Se suele afirmar que uno de los grandes hitos en la historia de la humanidad fue el tránsito desde el nomadismo hacia el sedentarismo: el momento en que el ser humano dejó de desplazarse de forma constante para asentarse, cultivar y producir. Con ello se abandonó, al menos en apariencia, una forma de vida marcada por el movimiento, el riesgo y la incertidumbre. Sin embargo, esta idea resulta hoy parcialmente cuestionable. Las sociedades contemporáneas han reactivado, en cierto modo, esa dimensión itinerante del ser humano: vivimos en permanente desplazamiento y hemos incorporado la movilidad como un elemento estructural de nuestra vida cotidiana, hasta el punto de que la accesibilidad a los servicios se ha convertido en una necesidad esencial.

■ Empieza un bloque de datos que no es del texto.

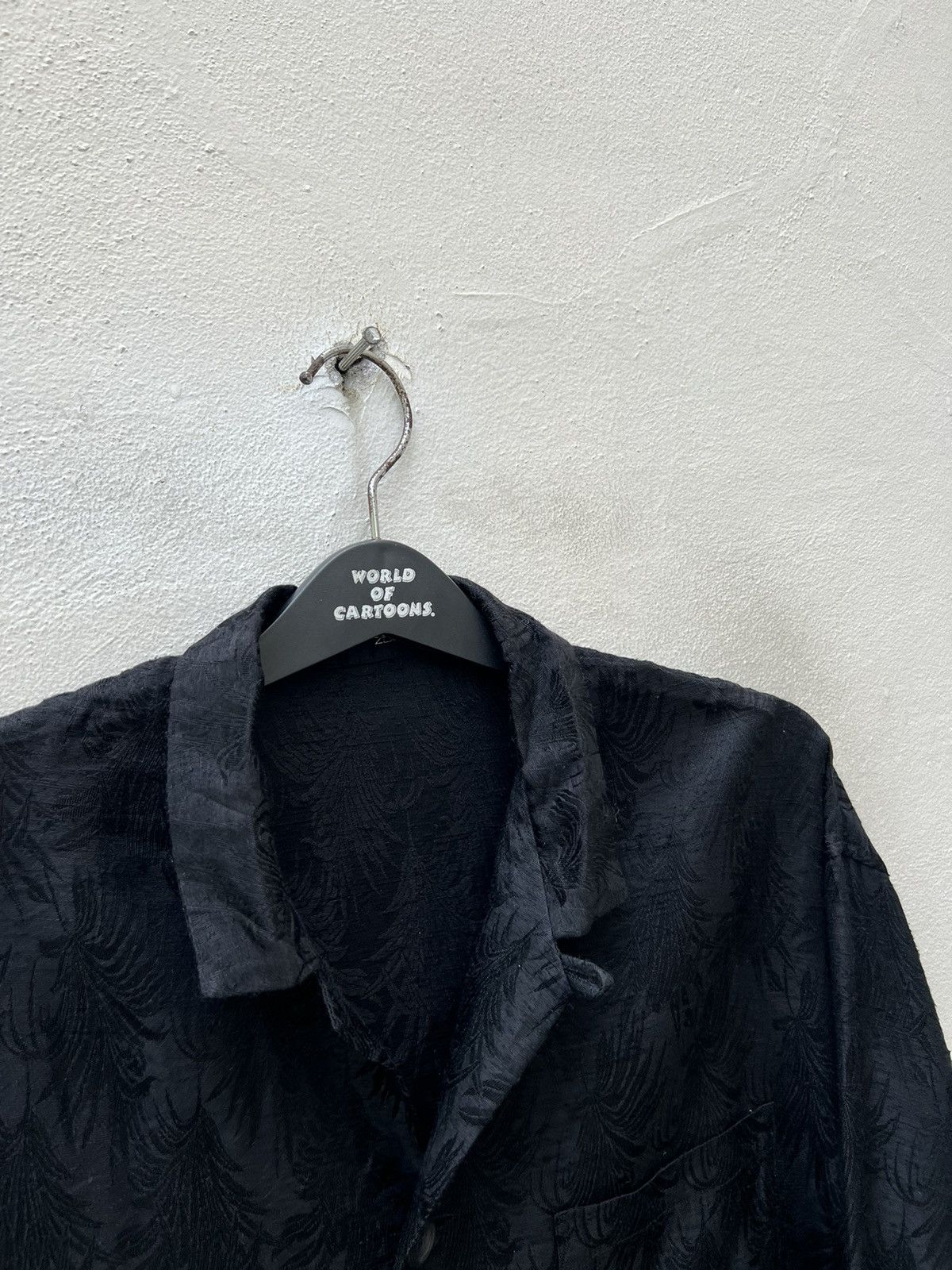Johnbull Vintage 80s John Bull Zou Zou Raw Silk Black Jacquard Shirt Size US XL / EU 56 / 4 - 7 Thumbnail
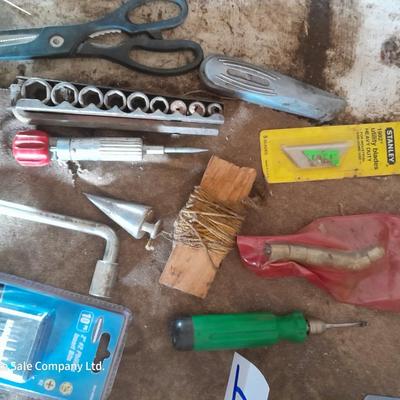 Assortment of hand tools - sockets - driver bits - and more
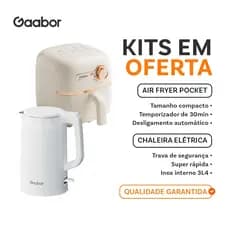 [Venda em conjunto] Gaabor Air Fryer 1,4L AF20M + Chaleira Elétrica 1,7L EK20M Regulação de Temperatura Fácil de Usar
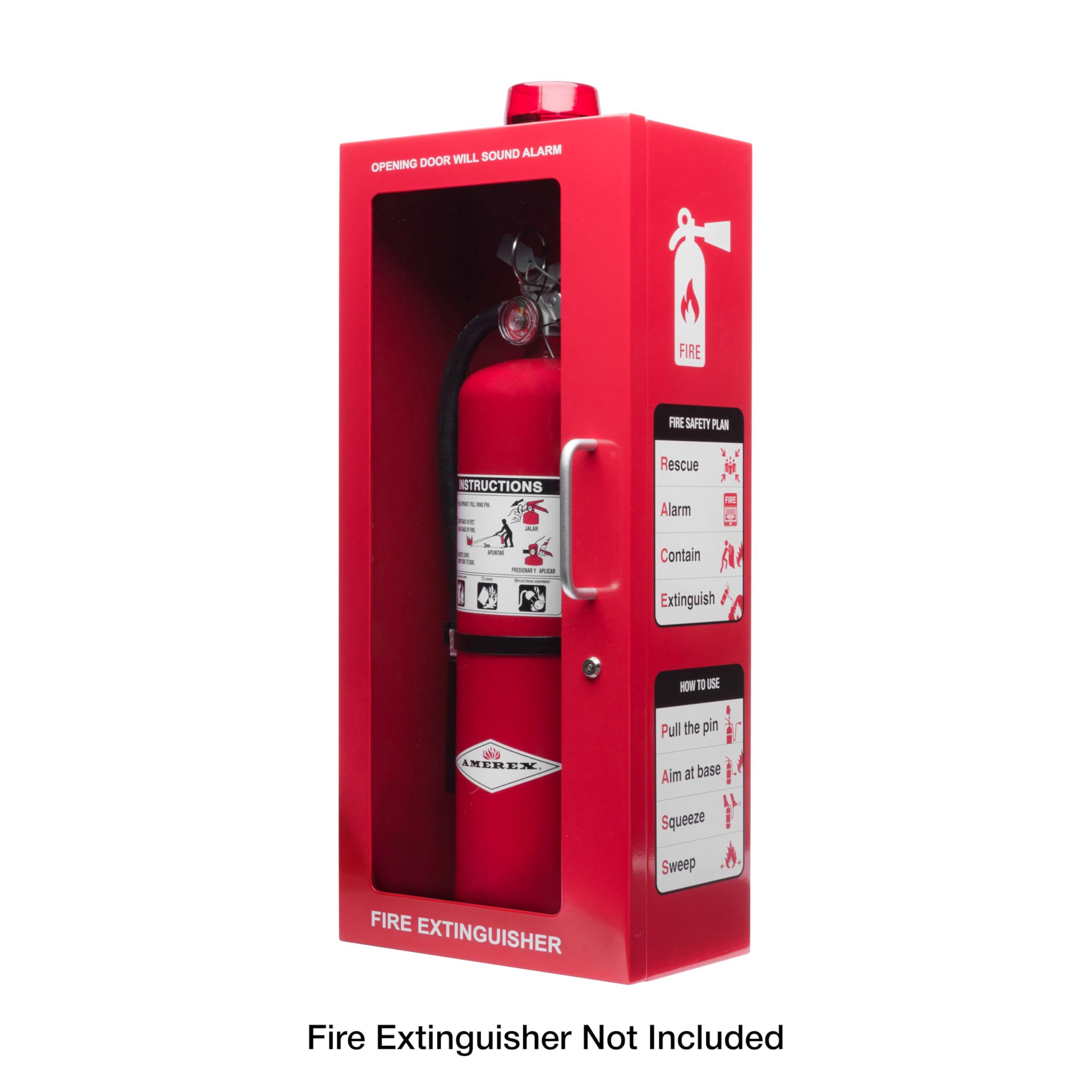 Extintor de 5 libras con alarma, cerradura y ventana acrílica rompible | Montaje en pared o superficie | Se adapta a extintores de hasta 5 libras | Instrucciones de seguridad contra incendios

Es en este contexto en el que se publicó ayer en el Boletín Oficial del Estado la Ley 9/2025, de 3 de diciembre, de Movilidad Sostenible, que configura la movilidad como un verdadero derecho, en línea con la visión del Parlamento Europeo, con el objetivo de facilitar los desplazamientos de las personas y garantizar la accesibilidad universal. Dado que desplazarnos forma ya parte inseparable de nuestra realidad social, el impacto de esta norma se proyecta sobre múltiples ámbitos, entre los que se encuentra, de forma ineludible, el de las relaciones laborales.
Y es que la movilidad ha sido siempre un elemento inherente al trabajo, estrechamente vinculado a la organización empresarial y a la planificación económica. No obstante, a través de la nueva disposición, el legislador introduce una regulación que incide de manera directa y concreta en el ámbito laboral y empresarial, estableciendo medidas y directrices de aplicación obligatoria que deberán afrontarse, bajo riesgo de sanción, y donde la negociación colectiva adquiere una gran presencia.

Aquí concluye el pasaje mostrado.